Given data:
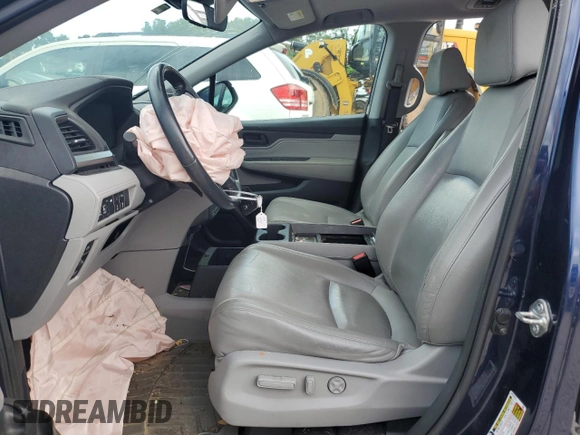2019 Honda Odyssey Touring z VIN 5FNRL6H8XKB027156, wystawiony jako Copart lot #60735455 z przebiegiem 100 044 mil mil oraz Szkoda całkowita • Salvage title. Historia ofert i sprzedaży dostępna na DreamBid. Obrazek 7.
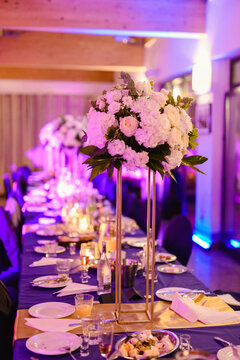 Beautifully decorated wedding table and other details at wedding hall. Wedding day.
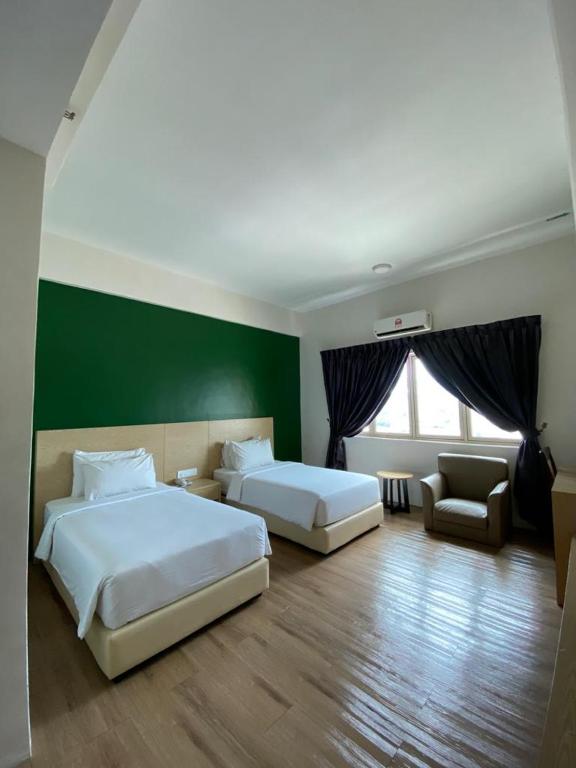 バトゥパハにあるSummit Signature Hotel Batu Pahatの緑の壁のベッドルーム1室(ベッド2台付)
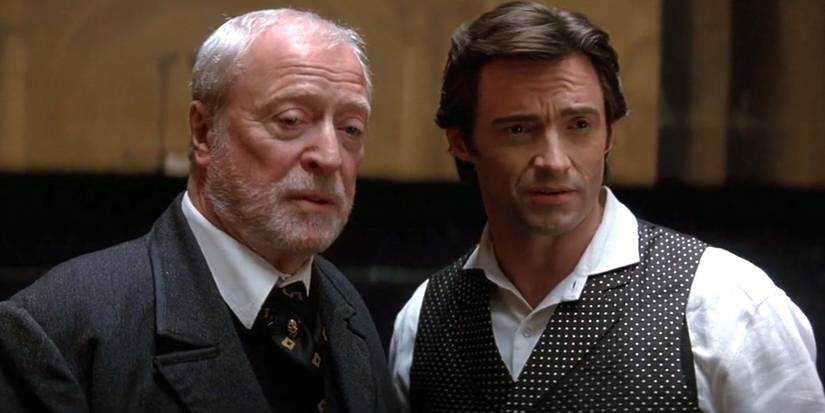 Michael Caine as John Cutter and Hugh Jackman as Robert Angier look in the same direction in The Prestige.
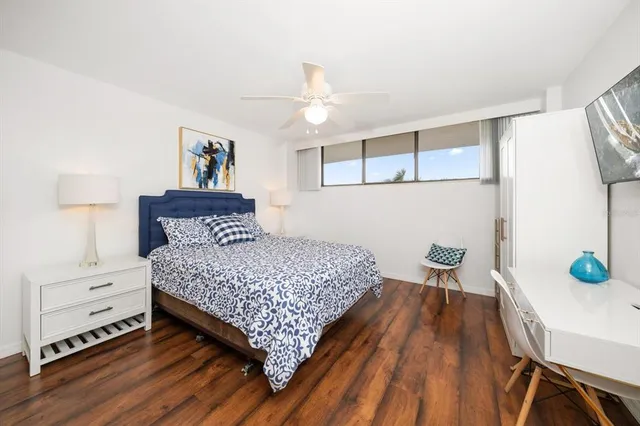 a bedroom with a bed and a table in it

--

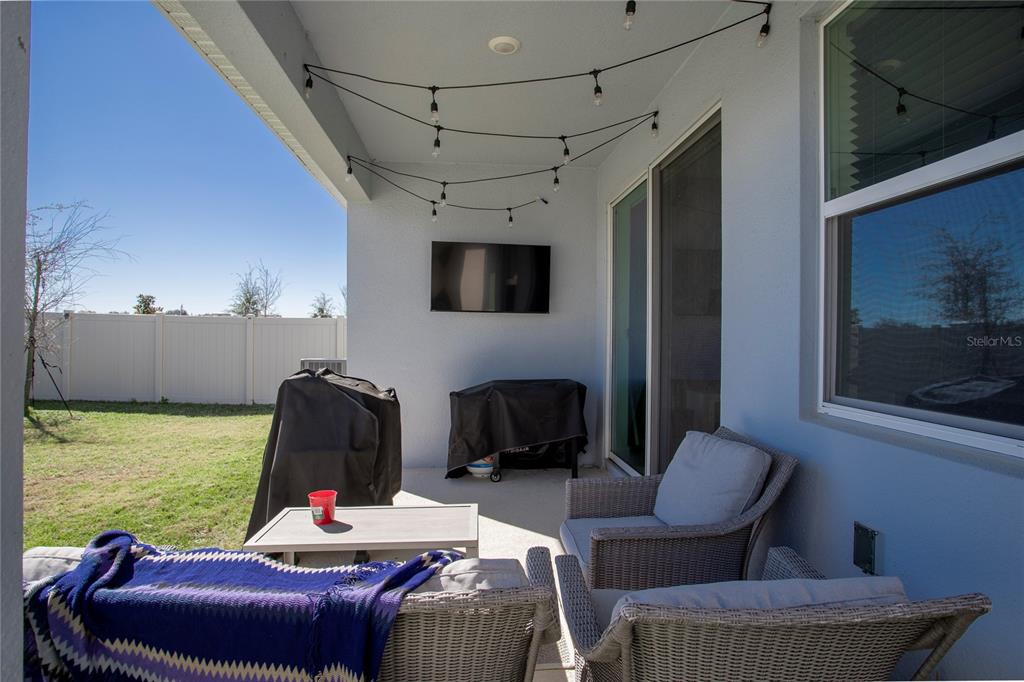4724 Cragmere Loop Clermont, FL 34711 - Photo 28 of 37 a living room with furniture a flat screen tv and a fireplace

About this task: Set down, exactly as written above, each line from the one with "バトゥパハにあるSummit Signature Hotel" through the one with "a bedroom with a bed and a table in it", and skip the pictures.

Output for this task:
 バトゥパハにあるSummit Signature Hotel Batu Pahatの緑の壁のベッドルーム1室(ベッド2台付)
 Michael Caine as John Cutter and Hugh Jackman as Robert Angier look in the same direction in The Prestige.
 a bedroom with a bed and a table in it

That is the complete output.